= Problem statement =
Take the lines below from the one with "Application for Membership" through the one with "Barbecue a piastra" and print only them, exactly. Don't print the pictures.

= Data =
****************

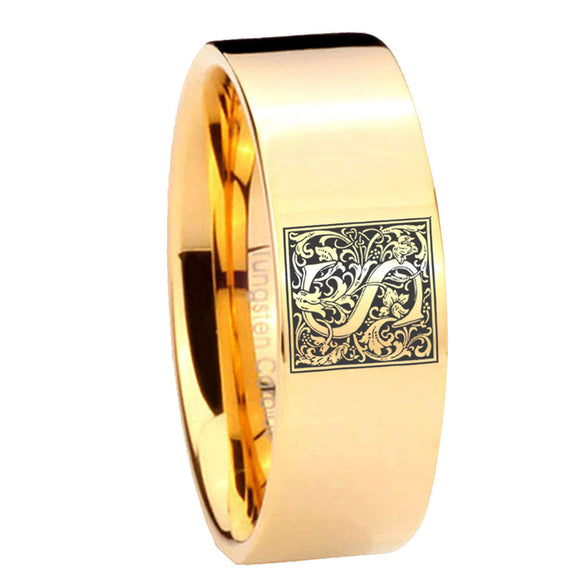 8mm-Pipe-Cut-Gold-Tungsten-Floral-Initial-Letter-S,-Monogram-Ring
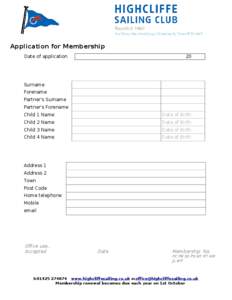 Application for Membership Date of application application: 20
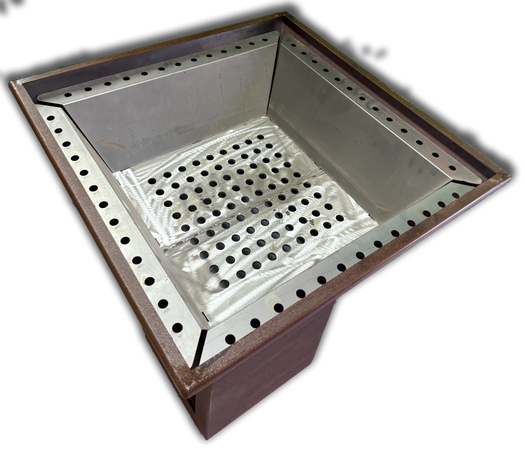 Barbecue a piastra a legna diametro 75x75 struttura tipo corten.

****************

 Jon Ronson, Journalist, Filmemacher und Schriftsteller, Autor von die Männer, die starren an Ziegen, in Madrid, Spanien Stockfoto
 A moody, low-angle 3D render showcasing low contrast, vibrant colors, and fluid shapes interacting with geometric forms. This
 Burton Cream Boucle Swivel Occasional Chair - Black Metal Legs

****************

= Task response =
 Application for Membership Date of application application: 20
 Barbecue a piastra a legna diametro 75x75 struttura tipo corten.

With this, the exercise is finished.